Riam-se, empurravam-na para
os piores tratos, mas pouco e pouco, diante daquela dor silenciosa e profunda,
calaram-se. Tratavam-na por menina. Uma queria penteá-la, outra
ajudá-la. Só a Mouca lhe tinha o mesmo ódio.
– Olha lá, ó parida!
– É comigo que fala?
– Faz-te tola! acaba lá com
esses ares de senhora.
Já estou farta. Tu aqui és
tanto como eu, sabes?
– Sei – diz Sofia.
– Tu conheces-me? Olha se
me conheces, senão ensino-te quem sou. Acabou-se! embirro com isso. Pareces uma
sonsinha... Tu falas?
Sofia olha-a silenciosa.
– Ah, tu não falas? Olhas
pra mim com cara de escárnio? Não quero que olhes pra mim, não quero, ouviste?
Ai, não falas? Toma!
E deu-lhe uma bofetada.
– E agora? agora? Quiseste,
aí tens. Toma. Tu aqui és uma desgraçada como eu. Aqui não há meninas. E agora?

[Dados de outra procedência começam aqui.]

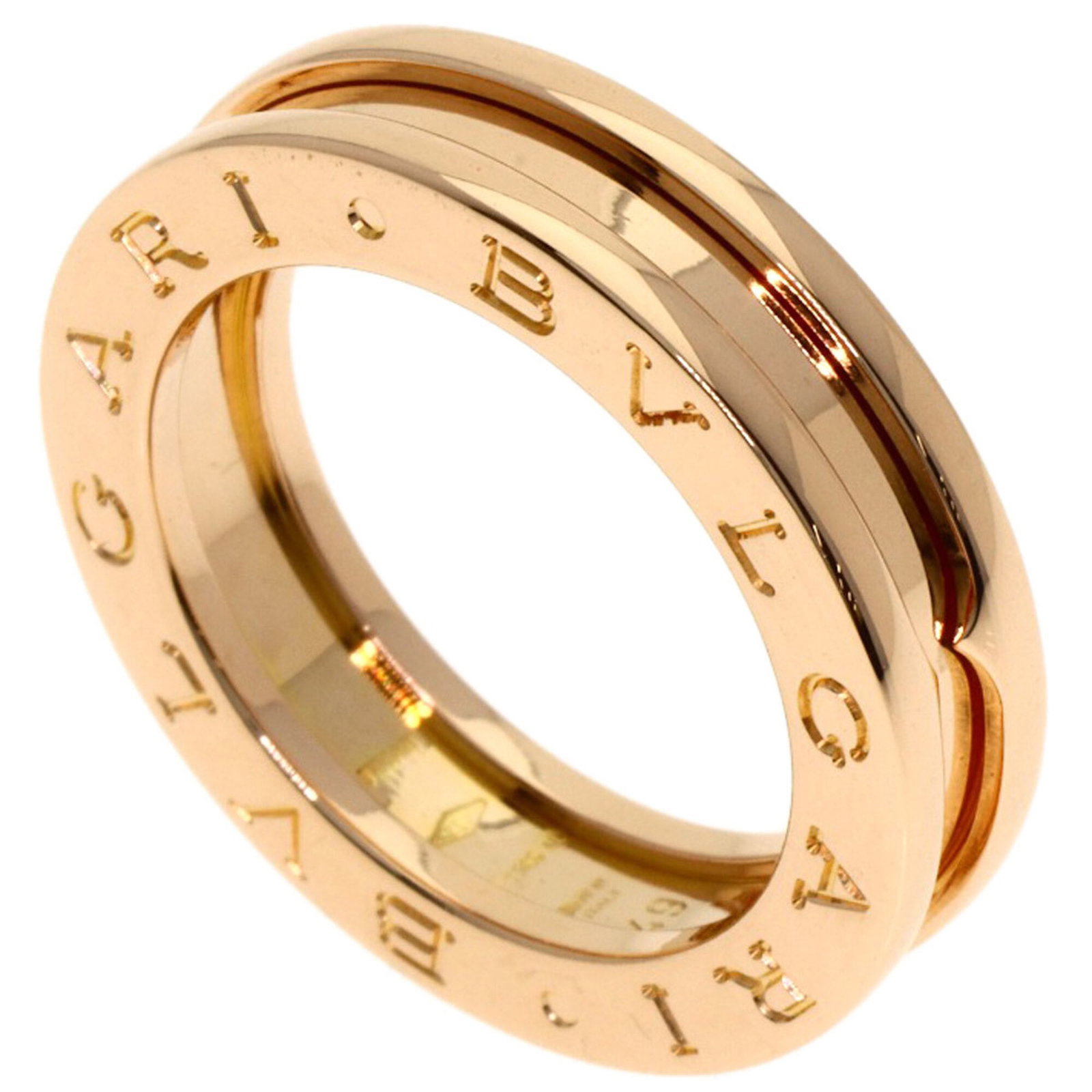 Pink Gold 18K Bvlgari Band Ring: Pink Gold 18K Bvlgari Band Ring Pink Gold 18K Bvlgari Band Ring features a luxurious pink gold design, showcasing the brand's signature style. This used band ring has hardly any traces of usage and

agora? pensas que és mais do que as outras?
– Sou mais desgraçada.
E pôs-se a soluçar.
Mas de súbito a Mouca
gritou:
– Perdão! perdoe-me,
menina! Eu era por inveja. Saiba: não a podia ver por inveja. Fui sempre assim,
Não me fique com raiva. Eu dizia cá comigo: Então os outros têm mãe e eu nunca
a tive? Os outros são infelizes um dia, mas eu fui infeliz desde que nasci.
Criaram-me os ladrões, já deve ter ouvido. Tenho sido muito má pra a menina,
peço-lhe que me perdoe. Era por inveja. Peço-lhe que se ria pra mim, para me
mostrar que não está zangada comigo. É boa! eu dizia cá por dentro: hei de
pô-la tão rasa como eu. Que é ela mais do que eu? Sabe por que lhe tinha esta osga?
Por ver que a menina era infeliz e boa pra todos. Eu sou assim, sou como um
cão.
Peço-lhe uma coisa...
Bata-me, para eu acreditar que é minha amiga.